Re the miracle, I totally agree with you. What was the chance of another Dutch explorer landing on the same remote Australian coast and the same remote coastal island 80 years later, AND finding one pewter dinner plate on a rotting post? The coast was so exposed that the wind, tides, dingos etc would normally have destroyed the plate in a heartbeat.

Hels said...

Parnassus

I imagine that capturing new lands to expand and protect the colonial empire was considered doing God's work. Dutch, French, English, Spanish, Portuguese etc money poured into exploration and colonisation, and must have just about bankrupted small European countries. But it was considered financially worthwhile in the long run. And honourable.

So when did the subjugated nations decide that they wanted to get rid of colonial invaders and retain/regain their own sovereignty? Against huge odds, USA, Canada, Australia, New Zealand, Mexico, Brasil, South Africa, Indonesia, India, Philippines etc did throw off the colonial shackles. But what a longgggg struggle. The Decolonisation of Africa was worse; it was mid 20th century when colonised peoples successfully fought for independence; only then did colonial powers withdrew their ruling class from Africa and slink off homewards with dishonour.

Leon Sims said...

What can you tell us about the possibility of the Chinese reaching Australia

Hels said...

Leon

I have seen quite a number of references to Chinese explorers reaching our shores, hundreds of years before the Dutch and other Western Europeans got going. China's Admiral Zheng must have developed and paid for his fleet of very large, very sturdy junks. As well as plenty of sailors, the ships must have had scientists and astronomers.

Although the extant evidence is scanty, it was not beyond the realms of possibility that the first outsiders to land here were Chinese speakers. My only question is why, if the Chinese were first, why didn't they send later explorer- and merchant-ships to solve the problem of fixing Australia's coast in detail.

Mandy Southgate said...

I agree with your commenter Deb above - it is indeed strange that Australian's speak English - or fortuitous. The Dutch 'discovered' South Africa in 1652 and became the dominant language of whites until the 21st century (when Afrikaans was officuall named). It's interesting because French Hugenots had a huge influence on what would become the Afrikaans people but while they took their surnames, the language remained Dutch.

Hels said...

Mandy

your South African example is an interesting one. In Australia it depended on Britain actually colonising the new lands, setting up their trade routes and sending their convicts-administators-explorers-soldiers. Even now 25% of Australian citizens were not born in Australia yet there is a clear expectation that whatever their language is at home, English is the only language at work and in shops.

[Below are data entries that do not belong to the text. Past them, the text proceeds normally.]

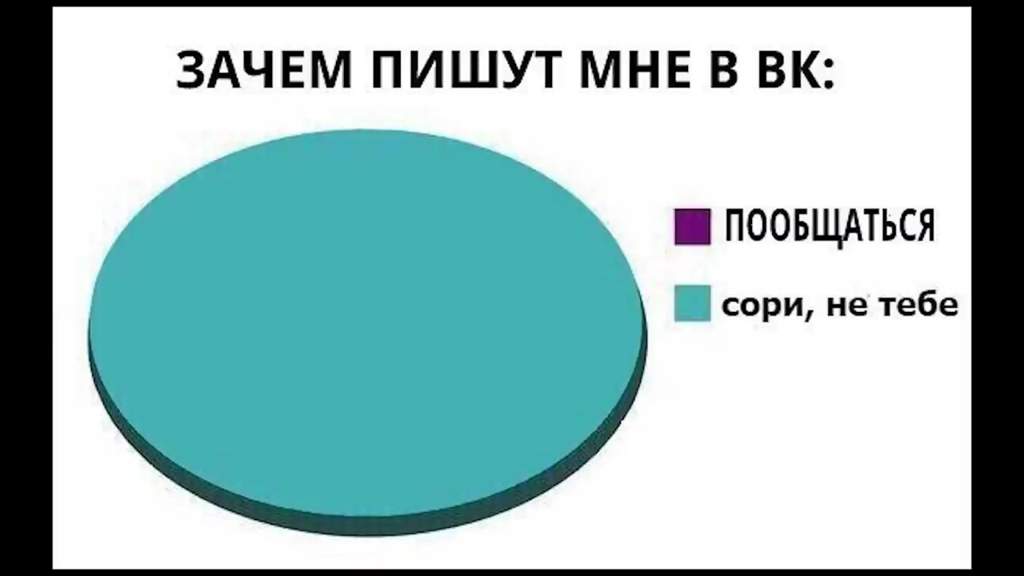 Пpиколы про конец cвeта / Юмор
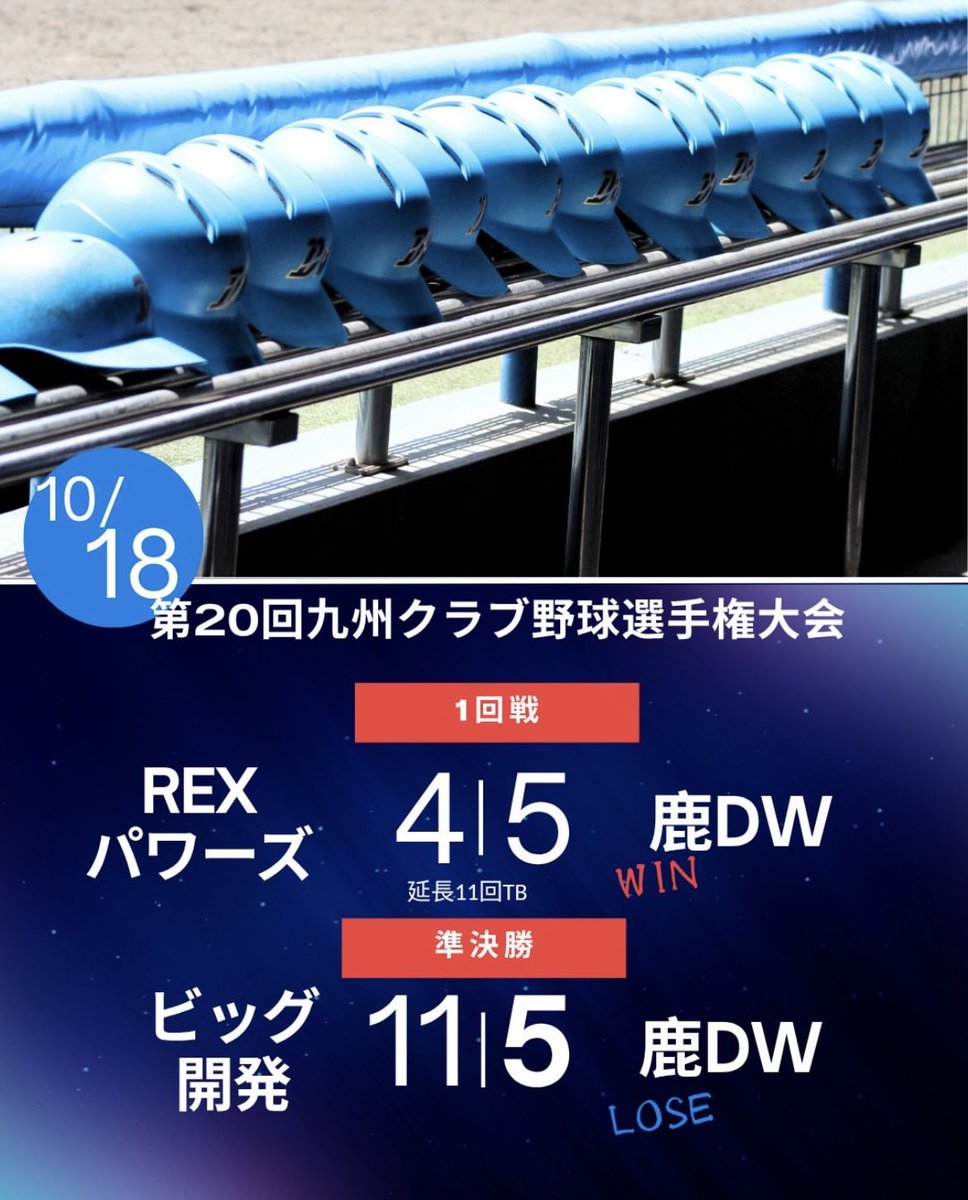 K_DreamWave's tweet photo. 【公式戦結果報告】

第20回九州クラブ野球選手権大会

10/18(土)
1回戦vsREXパワーズ(福岡)
5-4(延長11回タイブレーク)
勝利

準決勝vsビッグ開発BC
5-11
敗戦

残念ながら準決勝敗退となりました。
ご声援ありがとうございました。 https://t.co/PKfZC1EDlI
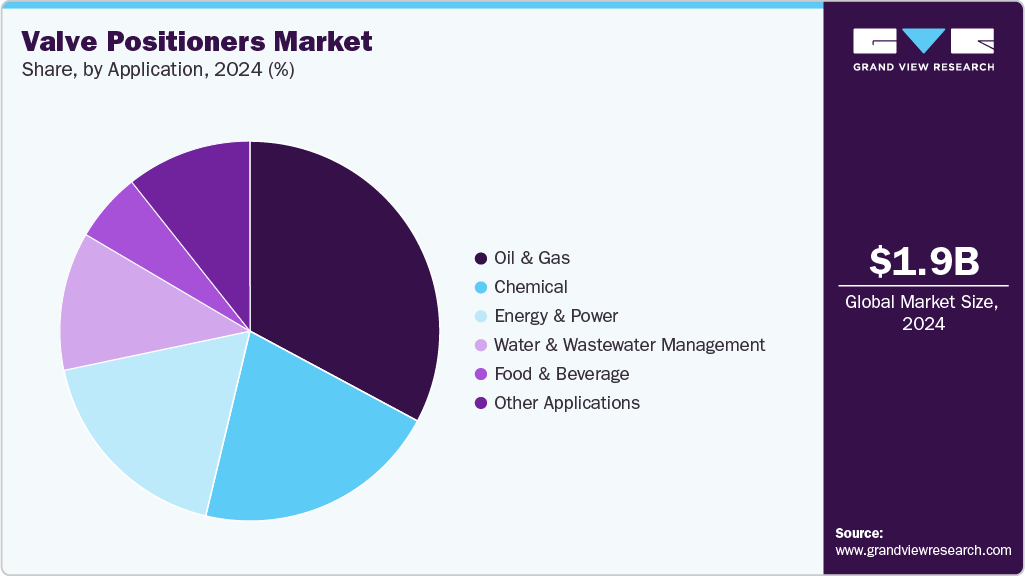 Valve Positioners Market Share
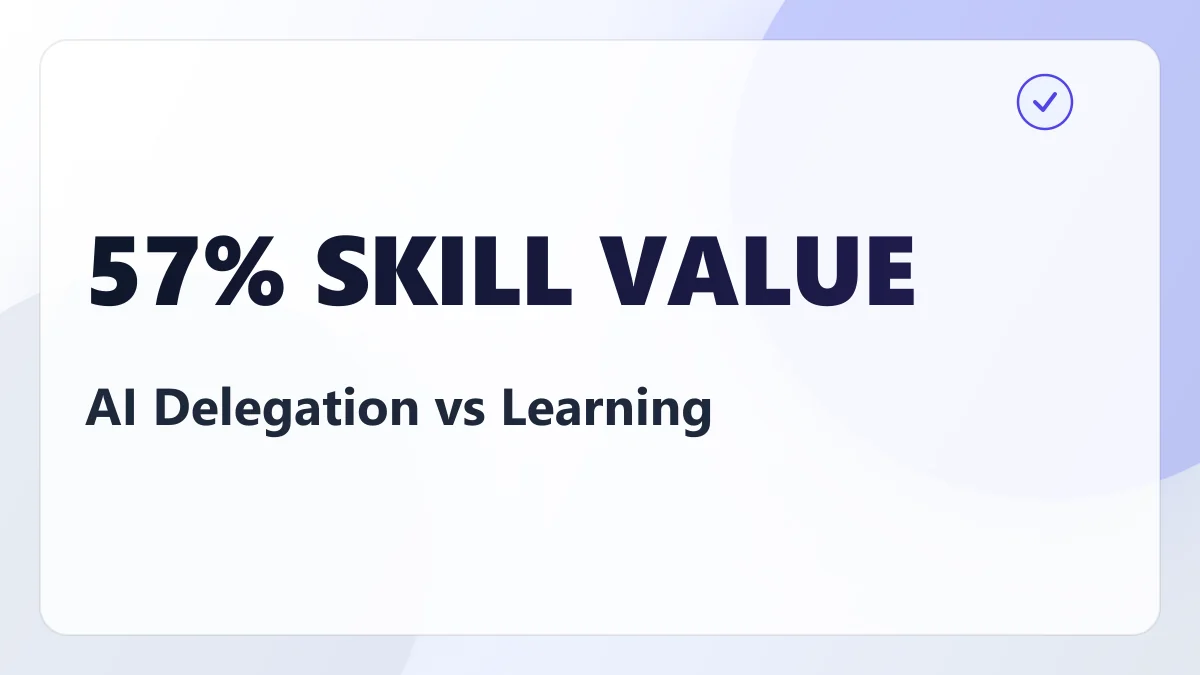 The More Work People Hand to AI, the More Valuable They Think Their Skills Are. The Learning Curve Stays Flat.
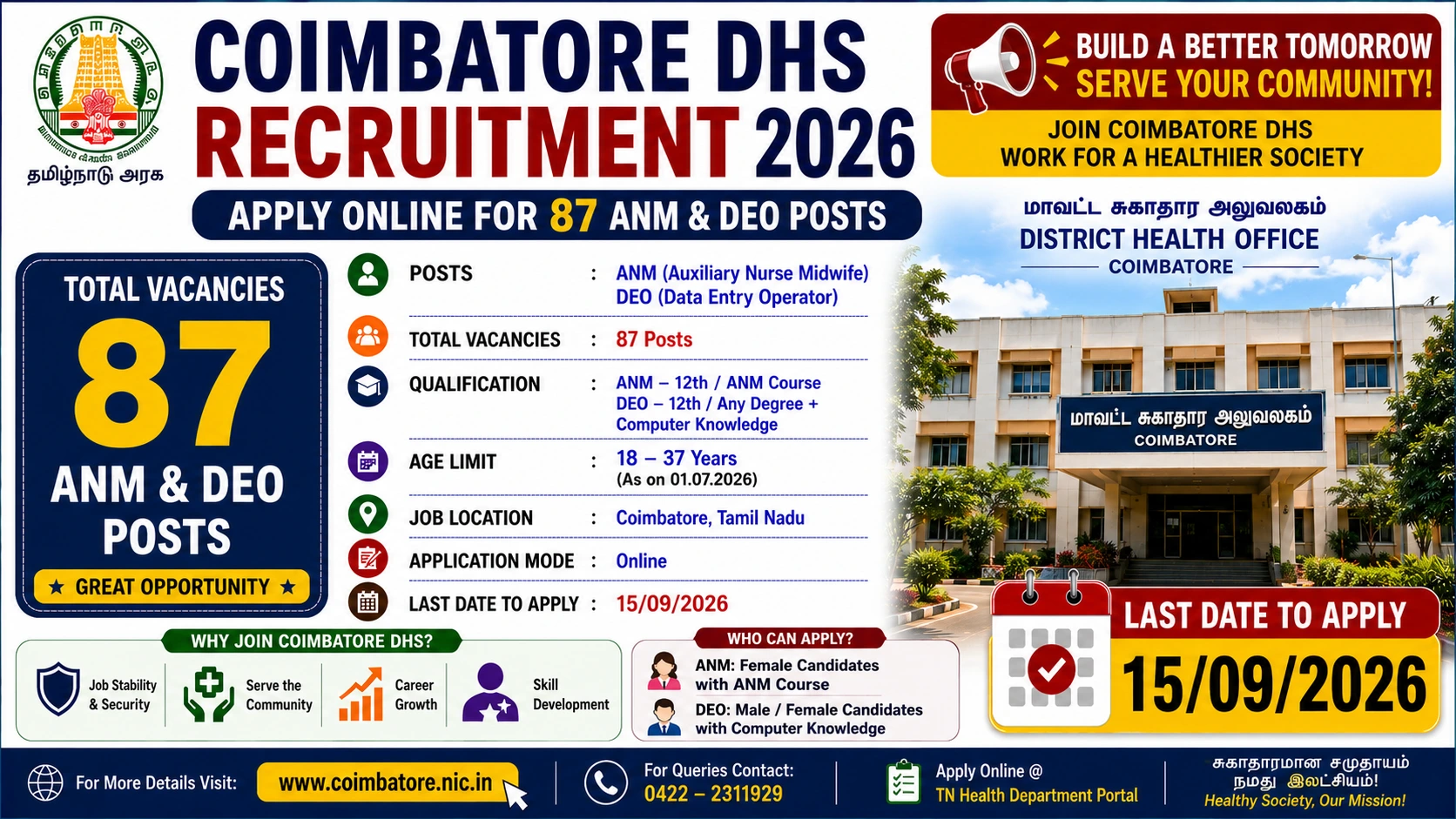 Coimbatore DHS Recruitment 2026 notification for 87 ANM and Data Entry Operator vacancies.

But what happened if a second group of European colonisers arrived later. Was the second group submerged into the extant community and eventually disappeared as an independent community (like your Huguenots)? Did the second group concentrate in a specific geographic area _within_ the new land and maintain their own language, religion and history (like the Francophones in Canada)?

My messiest example, but the one that seemed to work the best, comes from Alsace. The border between France and Germany moved often; the good citizens of Alsace had to speak both languages fluently. So regardless of which government they live under, nothing much changes languagewise.

Victoria Laurie said...

1606 The Duyfken, skippered by Willem Jansz, was the first Dutch vessel known to reach Australia.

1616 Eendracht commander Dirk Hartog of the Dutch East India Company landed at Shark Bay.
A celebration will be held today near Shark Bay, to mark the day that forever links Dutch explorers and one of the earliest chapters in Australia's European discovery.

1629 Dutch East India Co ship Batavia was wrecked off the Houtman Abrolhos Islands off WA

1770 Captain James Cook and crew became the first Europeans to reach the EAST coast of Australia.

Victoria Laurie
The Australian
October 25, 2016

Hels said...

Victoria

I would liked to have been at Cape Inscription today and I am very pleased both the Australian government and the Dutch representatives will be there. Thank you.